Toolkit to run workflows on Geospatial & Earth Observation (EO) data.
Project description
GeodataFlow (Work in progress)
Toolkit to run workflows on Geospatial & Earth Observation (EO) data.
GeodataFlow is a Python library for fetching, translating and manipulating Geospatial data (Raster, Vector, EO/STAC collections) by using a Pipeline or sequence of operations on input data. It is very much like the GDAL library which handles raster and vector data. This page provides high level overview of the library and its philosophy. Visit docs to list data formats it supports (Readers & Writers), and see Filters for filtering operations that you can apply with GeodataFlow.
In addition to the library code, GeodataFlow provides a command-line application and a REST WebAPI (FastAPI) endpoint that users can conveniently use to process, filter, translate, and query Geospatial data. Applications provide more information on that topic.
GeodataFlow provides as well a Workbench UI designer for users easily draw and run their own workflows.

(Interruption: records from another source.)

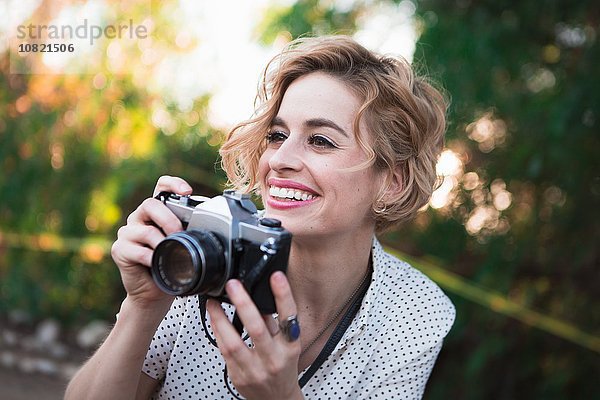 Mittlere erwachsene Frau beim Fotografieren  draußen  lächelnd
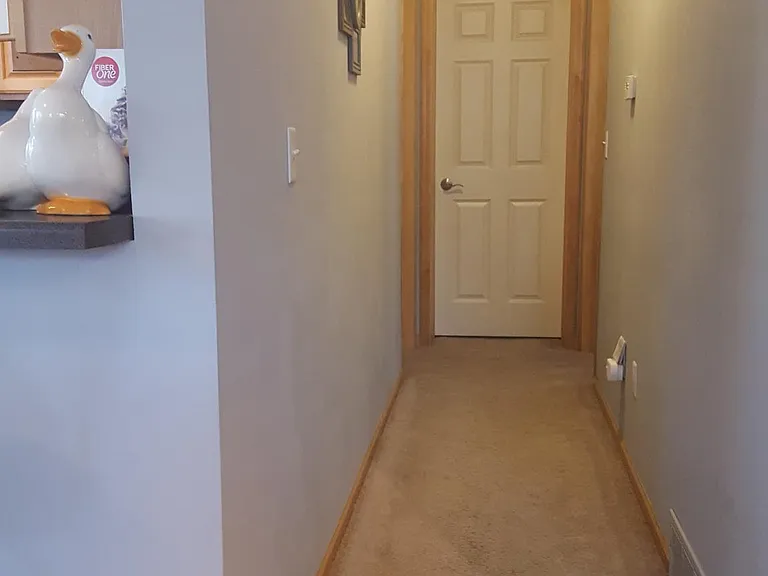Hallway to master bedroom & bath, 2nd bedroom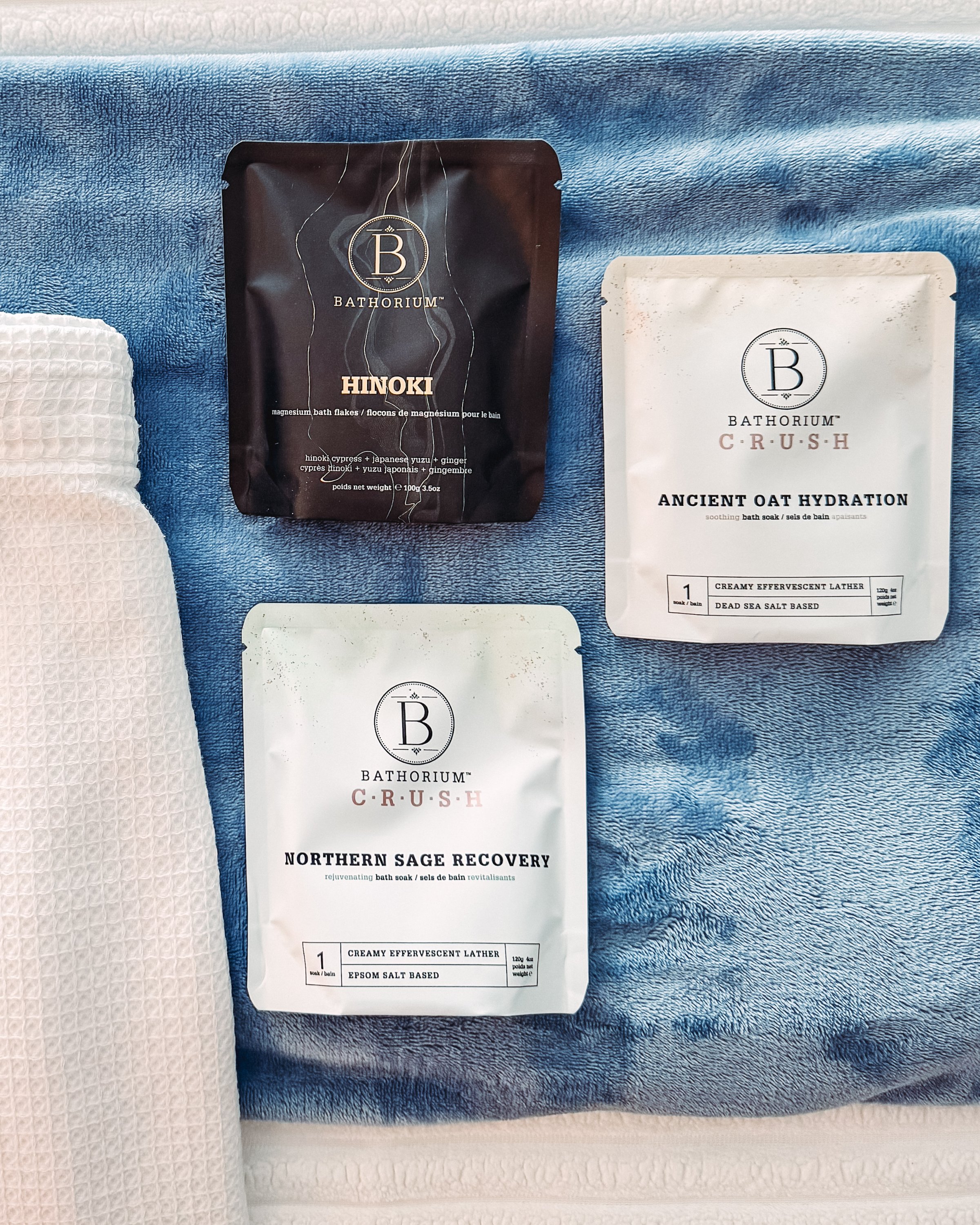 Three skincare product packets displayed on a soft blue towel, showcasing different formulations.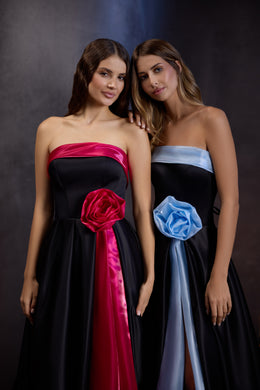 Black strapless evening dresses with red and blue rose appliqués and contrasting full-length panels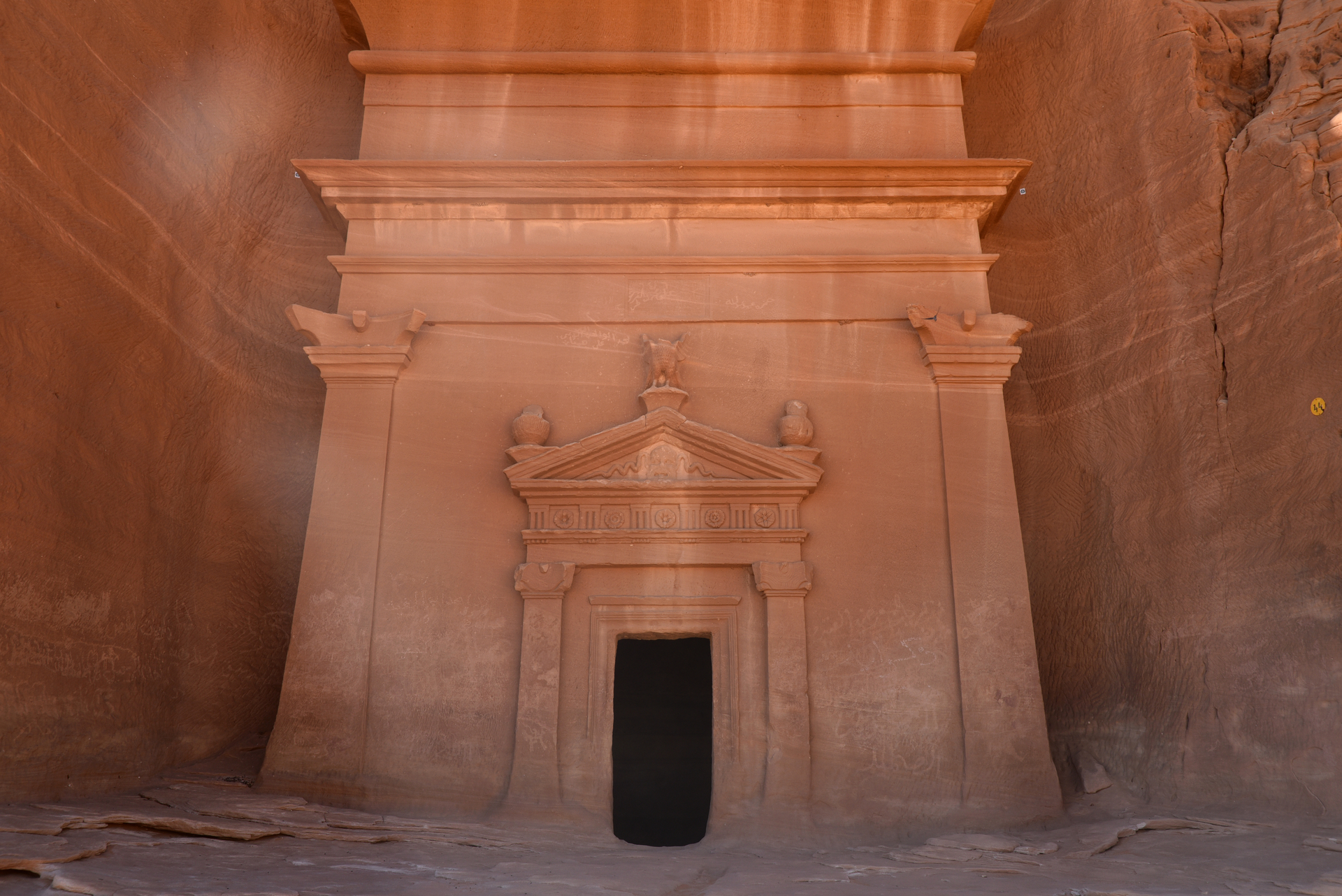Nabataean rock-cut tomb at Hegra near AlUla with elaborately carved sandstone facade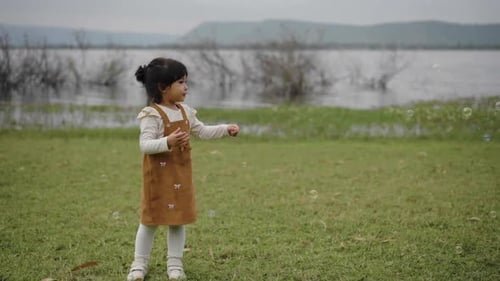 slow motion of happy toddler girl playing soap bubble in grass field near the river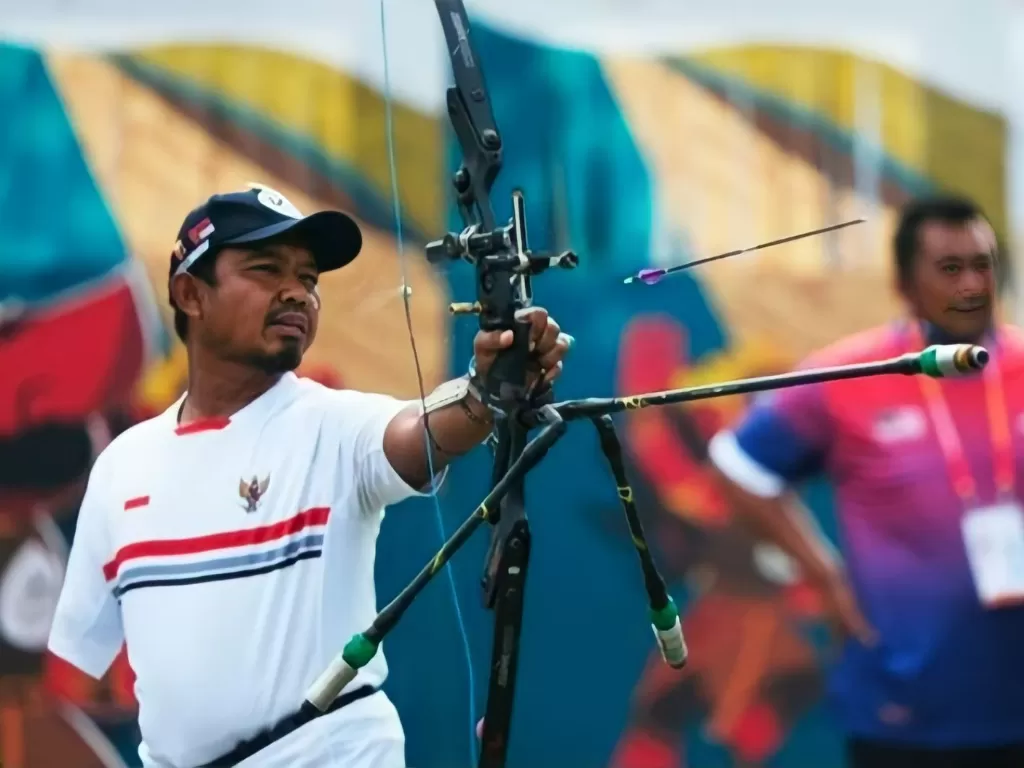 Udin, mantan atlet peraih emas Asean Para Games jualan bubur ayam. (Dok. Pribadi)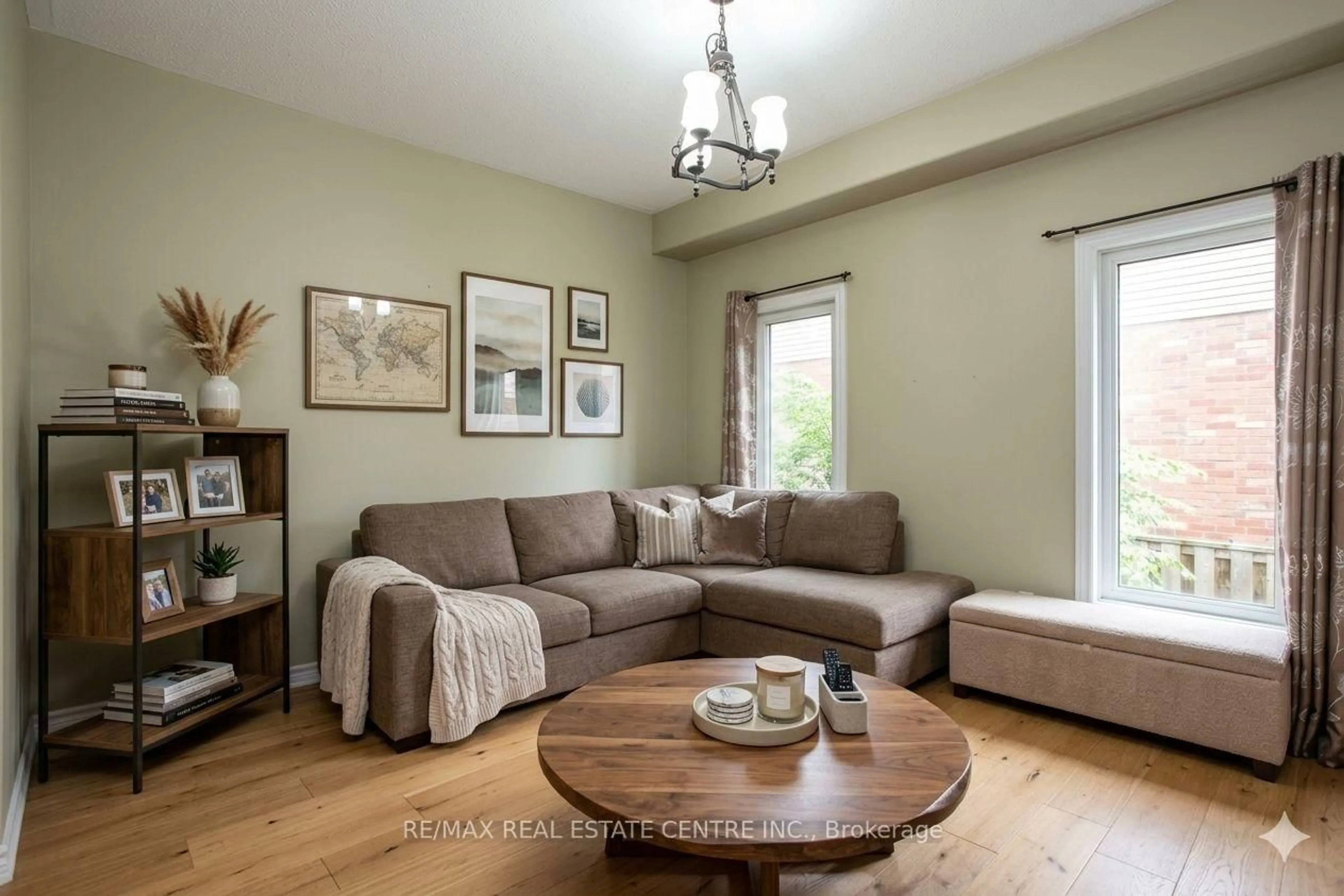 Living room with furniture, wood/laminate floor for 103 Armeda Clow Cres, Essa Ontario L0M 1B2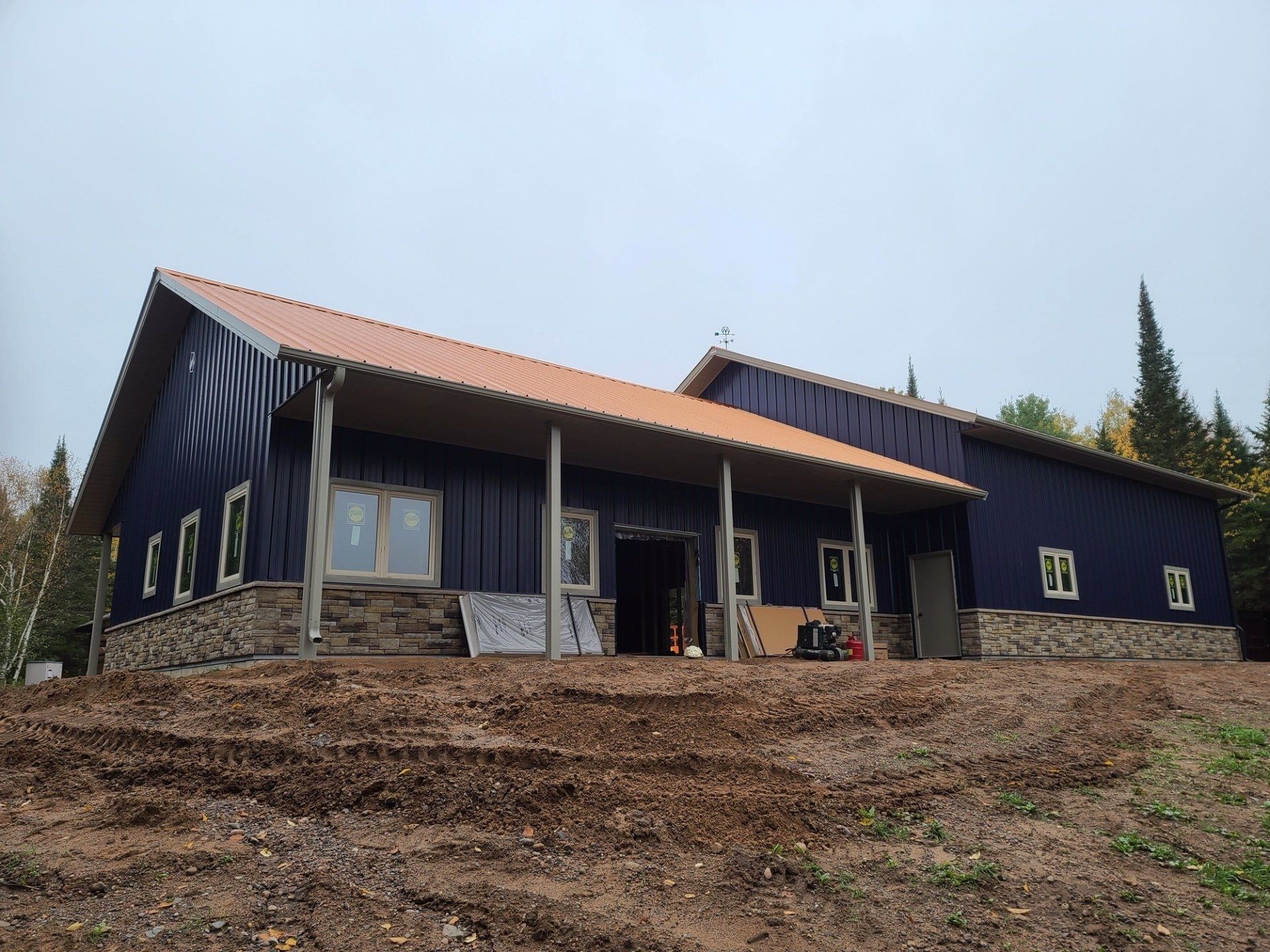Blue-sided building under construction with a stone base and orange roof. Cloudy, outdoor setting.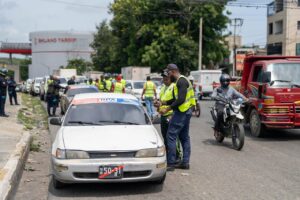 Inspectores del INTRANT y agentes de la DIGESETT fiscalizando unidades del transporte público en una avenida de Santiago.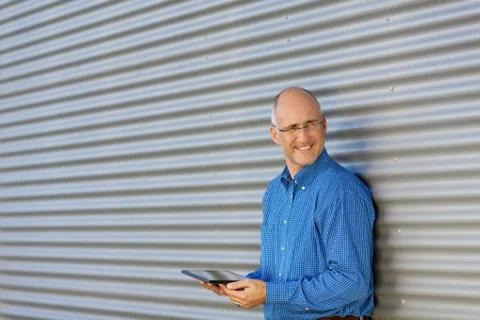 Smiling man with digital tablet Stock Photos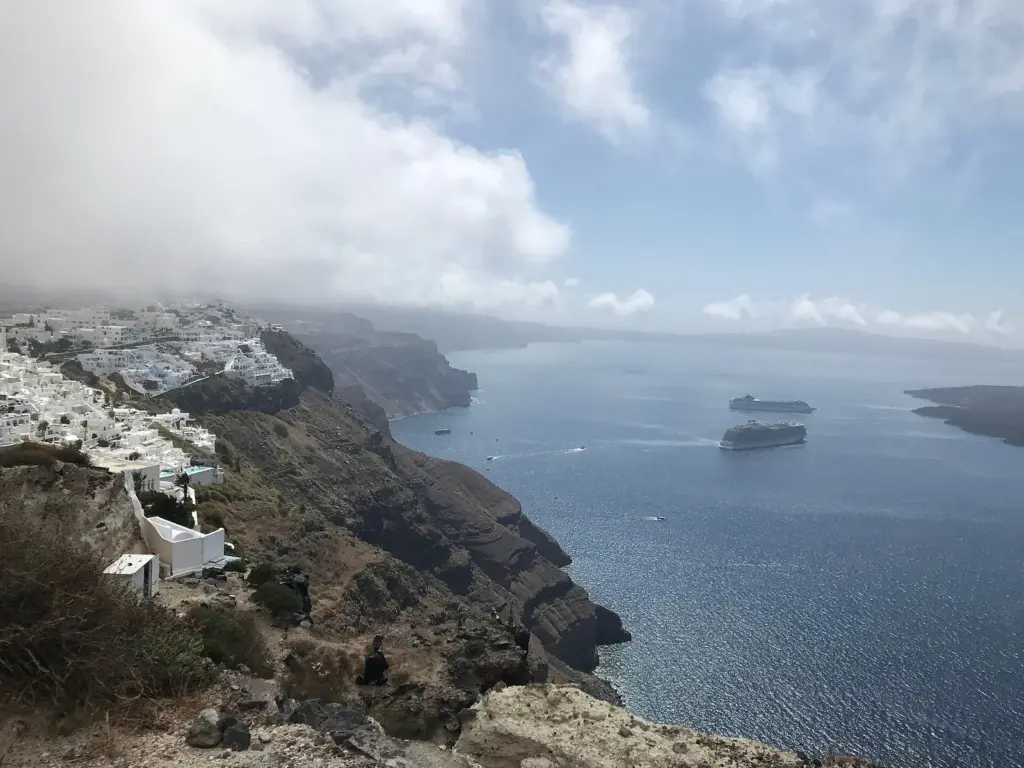 Firostefani and Fira on the caldera rim above the sea, with a cruise ship below and low clouds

Developers can extend GeodataFlow with new custom modules as well.
Workflow examples
-
Converting a Shapefile to GeoPackage:
# ============================================================== # Pipeline sample to convert a Shapefile to GeoPackage. # ============================================================== { "pipeline": [ { "type": "FeatureReader", "connectionString": "input.shp" }, # Extract the Centroid of input geometries. { "type": "GeometryCentroid" }, # Transform CRS of geometries. { "type": "GeometryTransform", "sourceCrs": 4326, "targetCrs": 32630 }, # Save features to Geopackage. { "type": "FeatureWriter", "connectionString": "output.gpkg" } ] }
-
Fetching metadata of a S2L2A Product (STAC):
# ============================================================== # Pipeline sample to fetch metadata of a S2L2A Product (STAC). # ============================================================== { "pipeline": [ { "type": "FeatureReader", # Define the input AOI in an embedded GeoJson. "connectionString": { "type": "FeatureCollection", "crs": { "type": "name", "properties": { "name": "EPSG:4326" } }, "features": [ { "type": "Feature", "properties": { "id": 0, "name": "My AOI for testing" }, "geometry": { "type": "Polygon", "coordinates": [[ [-1.746826,42.773227], [-1.746826,42.860866], [-1.558685,42.860866], [-1.558685,42.773227], [-1.746826,42.773227] ]] } } ] } }, # Transform CRS of geometries. { "type": "GeometryTransform", "sourceCrs": 4326, "targetCrs": 32630 }, # Fetch metadata of EO Products that match one SpatioTemporial criteria. { "type": "EOProductCatalog", "driver": "STAC", "provider": "https://earth-search.aws.element84.com/v0/search", "product": "sentinel-s2-l2a-cogs", "startDate": "2021-09-25", "endDate": "2021-10-05", "closestToDate": "2021-09-30", "filter": "", "preserveInputCrs": true }, # Save features to Geopackage. { "type": "FeatureWriter", "connectionString": "output.gpkg" } ] }
Workbench
GeodataFlow Workbench is a javascript application for users easily draw and run their own workflows.
Demo videos:
- What is GeodataFlow
- Tranforming Features
- Reading items from a STAC Catalog
- Downloading a NDVI raster from a STAC Catalog
- Filtering Features applying Spatial Relations
- Plotting a NDVI Time Series Graph of a polygon
REST WebAPI
GeodataFlow provides a WebAPI based on FastAPI to access to GeodataFlow capabilities via REST calls.
Installation
To install the latest stable version:
> pip install geodataflow[eodag,gee]
Optional extras:
-
EODAG
EODAG - Earth Observation Data Access Gateway is a Python package for searching and downloading remotely sensed images while offering an unified API for data access regardless of the data provider.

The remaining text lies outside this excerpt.